Par *Amilcar Ryumeko
Le 5 octobre 2019, dans la première partie de cette chronique, j’ai démontré à l’aide du dernier rapport de la Commission d’enquête des Nations Unies sur le Burundi (Commission) qu’il y a présence des 8 facteurs de risque communs à tous les crimes. Dans cette deuxième partie de cette chronique, je démontrerai qu’il y a la présence, au Burundi, des facteurs de risque spécifiques correspondant aux crimes contre l’humanité.
La définition de crimes contre l’humanité est codifiée à l’article 7 du Statut de Rome de la Cour pénale internationale comme étant des actes tels que la disparition forcée de personnes, la persécution d’un groupe identifiable pour des motifs d’ordre politique, le meurtre, l’emprisonnement, la torture, le viol ou toute autre forme de violence sexuelle de gravité comparable, la persécution et tous autres actes inhumains de caractère analogue causant intentionnellement de grandes souffrances ou des atteintes graves à l’intégrité physique ou à la santé physique ou mentale sont commis dans le cadre d’une attaque généralisée ou systématique lancée contre toute population civile et en connaissance de cette attaque.
Selon le Cadre d’analyse des atrocités criminelles (Cadre), « les crimes contre l’humanité doivent résulter d’une politique d’un État ou d’une organisation consistant à perpétrer une attaque ». Ledit Cadre précise que « le plan ou la politique ne doit pas nécessairement être explicitement stipulé ou officiellement adopté et peut, de ce fait, être déduit compte tenu de l’ensemble des circonstances ».
De plus, le Cadre nous informe que « les crimes contre l’humanité impliquent soit une violence à grande échelle (élément quantitatif), soit une forme de violence méthodique (élément qualitatif) ». Le Cadre ajoute que « le type de violence qui caractérise les crimes contre l’humanité nécessite généralement un niveau de préparation mis en évidence à travers différents indicateurs tels que les moyens et méthodes utilisés pour accomplir des actes de violence, comportements violents dès le début d’un conflit qui peuvent permettre de prédire une aggravation de ces comportements et, par conséquent, le risque de crimes contre l’humanité ».
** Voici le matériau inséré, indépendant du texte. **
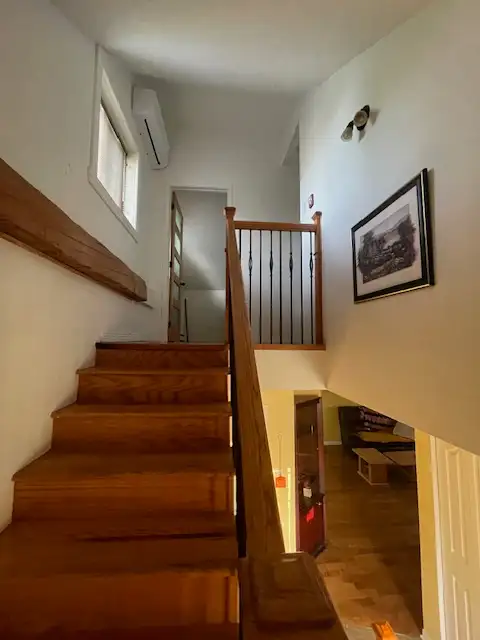 Detach3-Bed Cottage –Private Yard, ACs, Near Dix30REM July-1st in Quebec in Canada - Image 10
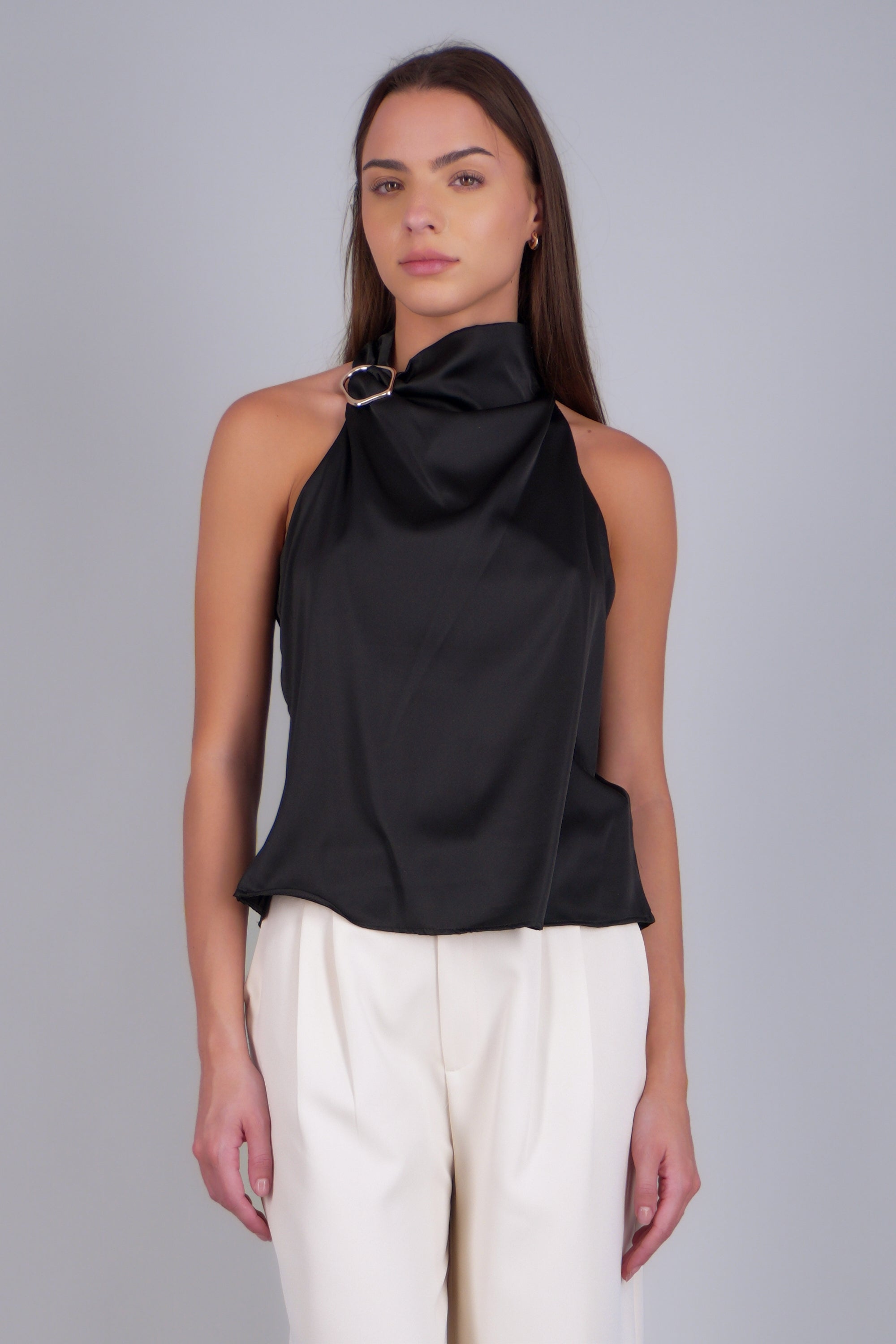 Blusa halter satin detalle hebilla irregular NEGRO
Notons aussi que, selon le Cadre, « d’autres indicateurs peuvent signaler des types de comportements, même en dehors de tout conflit, qui se manifestent plus tôt, comme le renforcement de la capacité de commettre des violences systématiques ou à grande échelle, ou l’utilisation d’autres moyens pour cibler des populations civiles ou des groupes particuliers au sein de ces populations ».
Présence des crimes contre l’humanité au Burundi
Les populations civiles qui vivent sous le joug d’une peur exacerbée par la persistance d’exécutions sommaires et extrajudiciaires, d’arrestations et détentions arbitraires massives, d’allégations d’actes de torture, de menaces et actes d’intimidation, et ce principalement du fait des autorités en place (des agents du Service national de renseignement et de la police ainsi que des autorités locales) et des Imbonerakures (ligue des jeunes du parti au pouvoir, le CNDD-FDD), sont devenus la trame de fond de tous les rapports sur le Burundi de la part d’organisations indépendantes de défense des droits de la personne.
Dans le cas du Burundi, en s’appuyant sur les différents rapports de la Commission depuis 2017, à travers une analyse des développements les plus significatifs depuis le début de la crise en avril 2015, et en se référant au Cadre, on peut identifier les indicateurs de facteurs de risque spécifiques liés aux crimes contre l’humanité.
En effet, dans son dernier rapport, la Commission a été en mesure de documenter un grand nombre d’incidents violents et d’exactions commis dans diverses provinces du pays (…) qui visaient de manière délibérée et en grande majorité des civils ». Selon ledit rapport, ces exactions avaient l’ultime objectif de supprimer toute opposition réelle ou supposée au Gouvernement et au CNDD-FDD, ce qui « permet donc de les qualifier comme faisant partie d’une attaque systématique contre la population civile ». La Commission poursuit en affirmant que « la qualité des auteurs présumés des exactions, qui sont soit des agents de l’État, soit des membres de la ligue des jeunes du CNDD-FDD, implique qu’ils sont forcément informés de la ligne du parti et du Gouvernement, voire endoctrinés, et qu’ils avaient donc nécessairement une compréhension du contexte dans lequel s’inscrivaient leurs actes ».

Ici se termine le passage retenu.